His first team responsibilities are just the tip of the iceberg as far as Steve's normal working day goes. He is on the training pitch from nine in the morning to, sometimes, nine at night working with the club's youth teams. This is a lesson he feels should be learned in Scotland.
"In my academy alone I've got 700 kids between the ages of eight and 18, and that's huge compared to back home," he said. "Youth development is at the forefront of everything over here, it's more important than the results. "I spend the whole day on the field with my youth teams, under 10s right through to the first team and they all come in at different times. "That's what annoys me about some of the coaches back home. "They come in for a couple of hours and then go home. They don't put the time and effort in that's needed to develop a club.
"If manager's are not putting the hours in on the training field then they are not doing their job properly."
While his League Cup winning exploits and subsequent European adventure at Raith are now firmly in his past, Steve rememebers his time in Kirkcaldy as fondly as you would expect. He picked up Player of the Year, Supporter's Player of the Year and Player's Player of the Year honours in his last full season. However, he left just one month before the club's most famous match against Bayern Munich as English giants Bolton payed a record £900,000 for his services in September 1995.
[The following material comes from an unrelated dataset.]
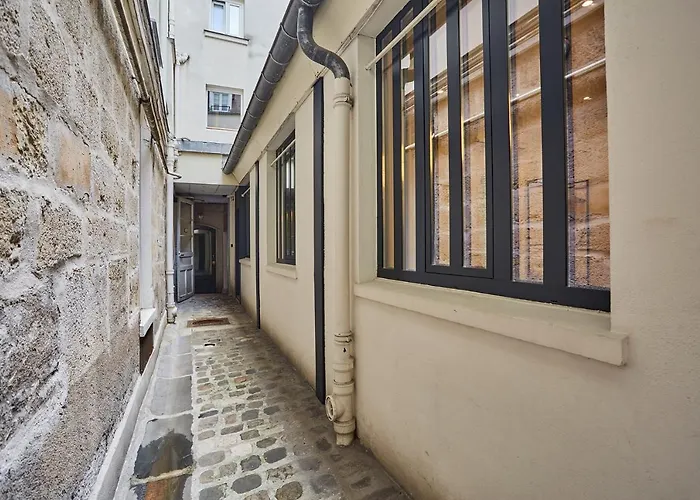 Apartment Saint Germain Des Pres By Studio Prestige
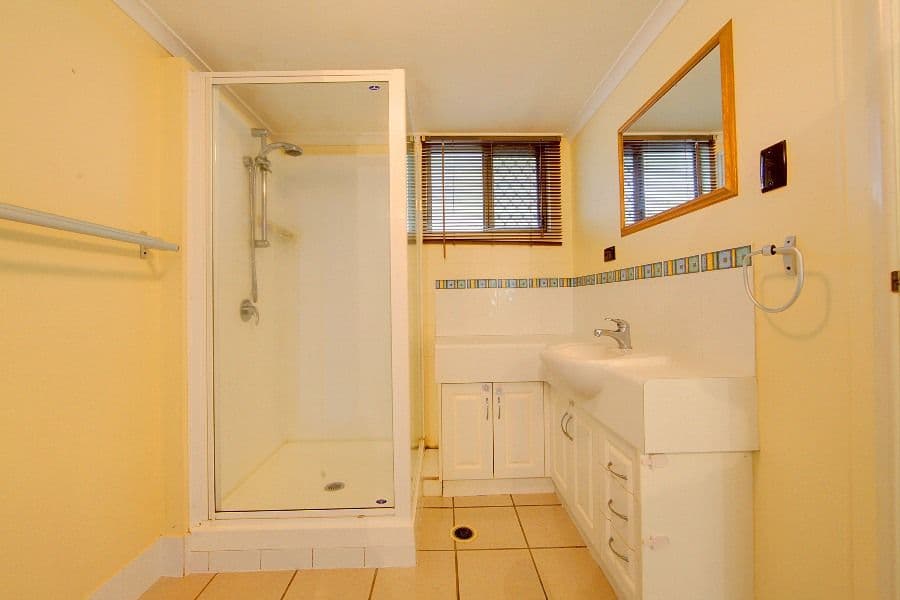 44 Cheyne Street, PIMLICO QLD 4812, Pimlico - Thumbnail 6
"My first love is Raith Rovers - that's where my heart belongs," Steve said. "I still have a daughter in Kirkcaldy and the Rovers' result is the first I look for on a Saturday night. "One of my friends sent over a DVD copy of the cup final recently. "I showed it to our youth players on the big screen at our complex all 700 of these American kids watched the game and couldn't believe it."
Steve's career started early – at the age of 15 – when the now-Manchester United manager Alex Ferguson signed him for Aberdeen. He enjoyed several seasons at Pittodrie before moving to Stockholm, Sweden to play for the Djurgarden IF when he was 21. Within a year he was back in Scotland and signed for Raith under Jimmy Nicholl at the start of the 1994-95 season. He went on to star in the most successful Rovers side in history, winning the Coca Cola Cup against Celtic at Ibrox and scoring a penalty in the shoot-out.
He made his record move to Bolton, and played 20 games in two years but he was sold to Fulham in 1997 for £100,000. He failed to make a mark and was loaned to Bradford before he was released in 2000.
Cambridge offered him a lifeline and he spent two seasons at the club before returning to Scotland to join Partick Thistle, although he never made a competitive start for the club. His next move would take him across the Atlantic, and he has been a player coach in the States for the past three years.
When quizzed about the possibility of a return to Scotland should the offer of a job in management come his way, Steve did not rule it out. "It's a great experience across here but if something worthwhile came up in Scotland then I would definitely look at it," he said.